§ What is needed
Please copy, exactly and with no pictures, only the lines from the one containing "House for sale in Taupo, Waikato" through the last line of the records.

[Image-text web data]
'''

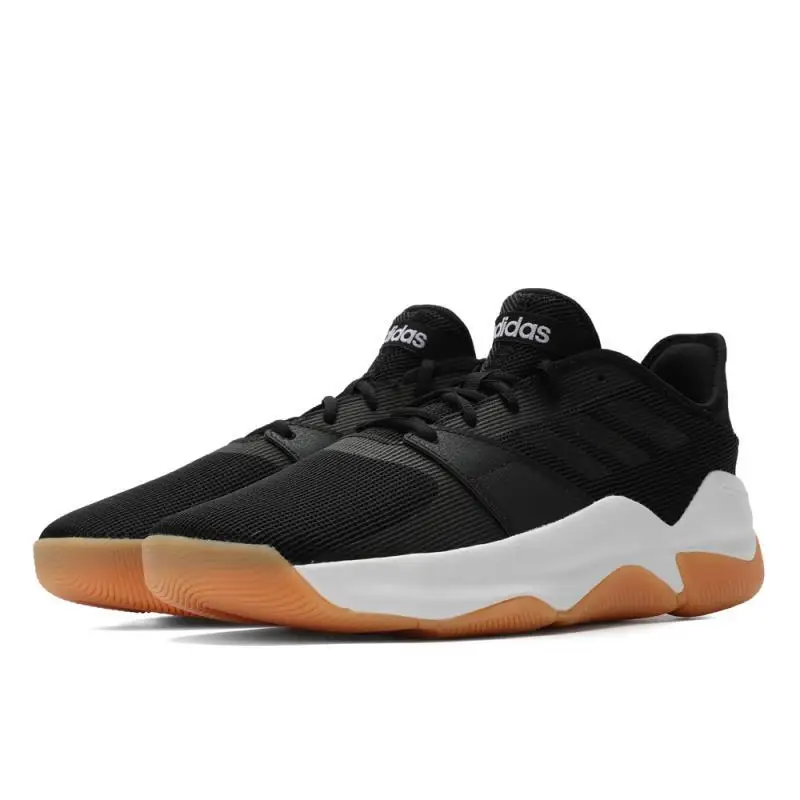 adidas basketball shoes 2019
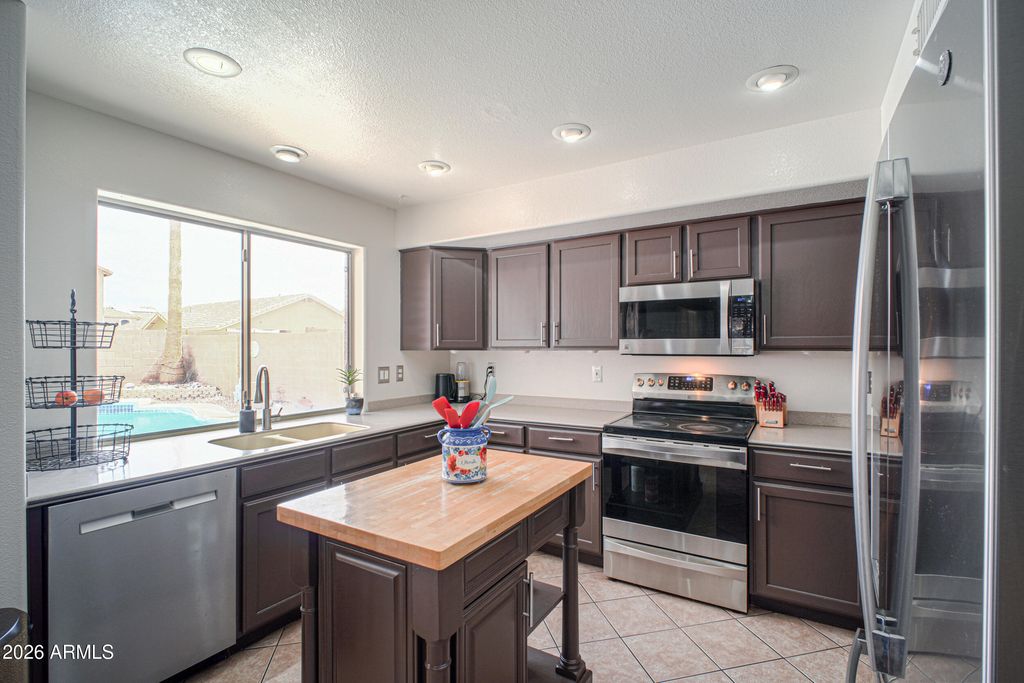 11458 E PORTAL Avenue, Mesa, AZ 85212 — photo 2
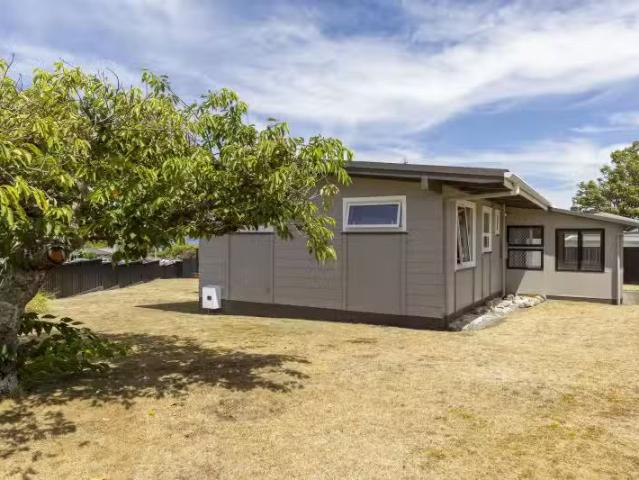 House for sale in Taupo, Waikato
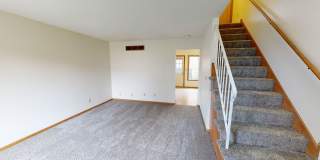 2 Bedroom Townhome Available August 1st, 2026 2 Bedroom Townhome Available August 1st, 2026 Gallery 1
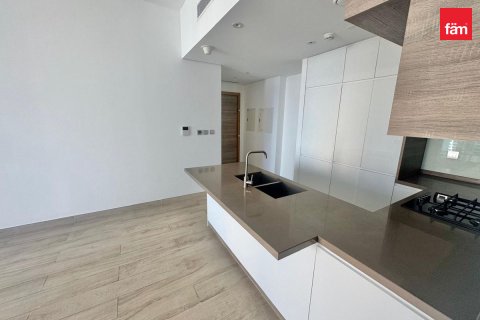 Lakás itt: Dubai Marina, EAE, 1 hálószoba, 66.9 m², azonosító: 697070 - fénykép 6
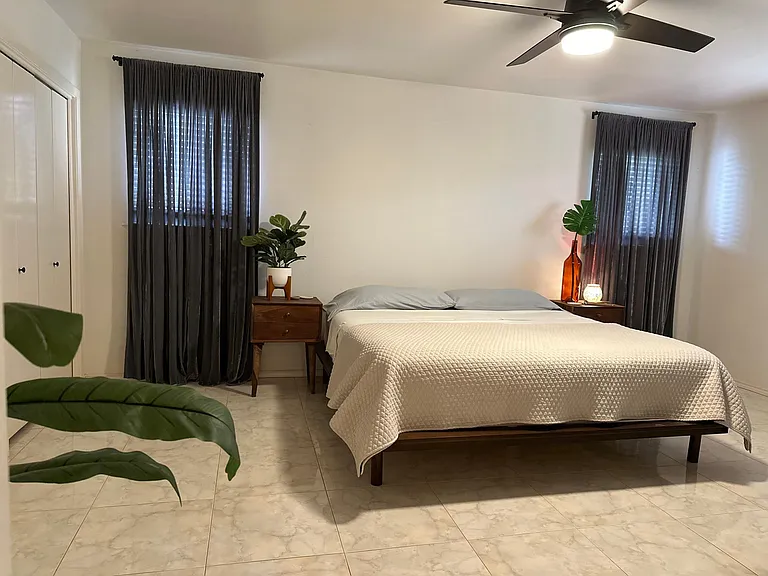 1608 Xanthisma Ave — Photo 6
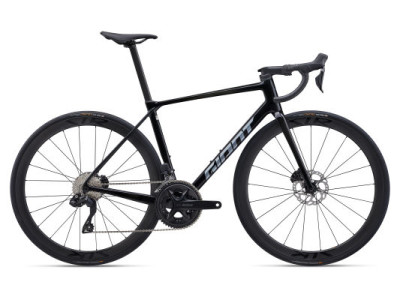 Bild zu Giant TCR Advanced Pro 1 carbon XL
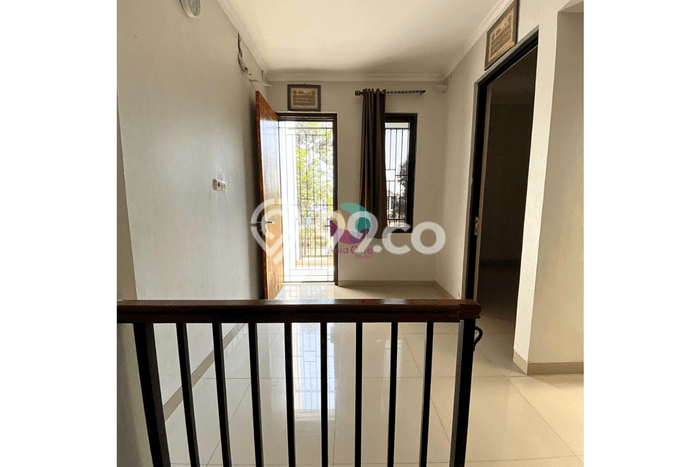 Jual Rumah Strategis Bagus Punya 3 KT di Cileungsi Bogor SHM Jual Rumah Strategis Bagus Punya 3 KT di Cileungsi Bogor SHM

'''

§ Result
 House for sale in Taupo, Waikato
 2 Bedroom Townhome Available August 1st, 2026 2 Bedroom Townhome Available August 1st, 2026 Gallery 1
 Lakás itt: Dubai Marina, EAE, 1 hálószoba, 66.9 m², azonosító: 697070 - fénykép 6
 1608 Xanthisma Ave — Photo 6
 Bild zu Giant TCR Advanced Pro 1 carbon XL
 Jual Rumah Strategis Bagus Punya 3 KT di Cileungsi Bogor SHM Jual Rumah Strategis Bagus Punya 3 KT di Cileungsi Bogor SHM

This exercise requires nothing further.